Thank you for taking time to contact Stovall to explain the issues that have occurred recently. I regret any inconvenience you’ve experienced, and I assure you that the company is anxious to retain you as a satisfied customer.
As you may know, different liquid bleaches have different directions for use. Not all liquid bleaches can be used as a spot remover. Due to its chemical properties and ingredients, the White-n-Brite liquid bleach cannot be used as a spot remover, and the care directions printed on the product label acknowledge this. After contacting a representative of SporTTogs, the producer of the new Sportique clothes line your jacket belongs to, I explored that your jacket is made of a cotton-polyester blend which is incompatible with liquid bleaches. The label tag in the side beams of your jacket confirms this. Unfortunately, I must point out that the stains on your jacket couldn’t be removed using the White-n-Brite liquid bleach.

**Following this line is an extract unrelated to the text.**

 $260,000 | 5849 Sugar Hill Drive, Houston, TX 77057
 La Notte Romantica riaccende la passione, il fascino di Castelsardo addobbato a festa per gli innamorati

I understand how disappointing it can be when your expectations are not met. I talked to an expert of Stovall Laundry Products Lab and found out two possible solutions. First, you can try to remove the stains and discoloration yourself at home by presoaking the entire jacket for about 20 minutes. You should thoroughly mix three ingredients: one gallon of cold water, two tablespoons of sodium sulfate (can be purchased at a drugstore or photo supply shop) and a half cup of white vinegar. Then you should rinse it thoroughly in cold water, either by hand or in a washing machine. When the rinse is finished, please hang the jacket to drip dry.
Alternatively, you can send the jacket to our Laundry Products Lab to let us see what we can do here. Please note it might take several weeks since our specialists will need to fit with their schedule. If you decide to send us the garment, Stovall will pay the postage.
I hope that this will settle the matter to your full satisfaction and that our friendly rapport will continue. To show our goodwill, I would like to offer you free single-use samples for our new products and introductory in-store coupons for purchase of new carpet care products and new air freshener aromas. I enclose some booklets to this letter to let you learn more on the products. I‘ll be glad to answer your questions, if any.
My Name and Surname
A customer service letter (also known as “adjustment letter”) is a formal response to a written complaint of the customer. The objective of this legal document is to inform the reader that the complaint has been received and appropriate decisions are made, so a series of actions have or will be taken.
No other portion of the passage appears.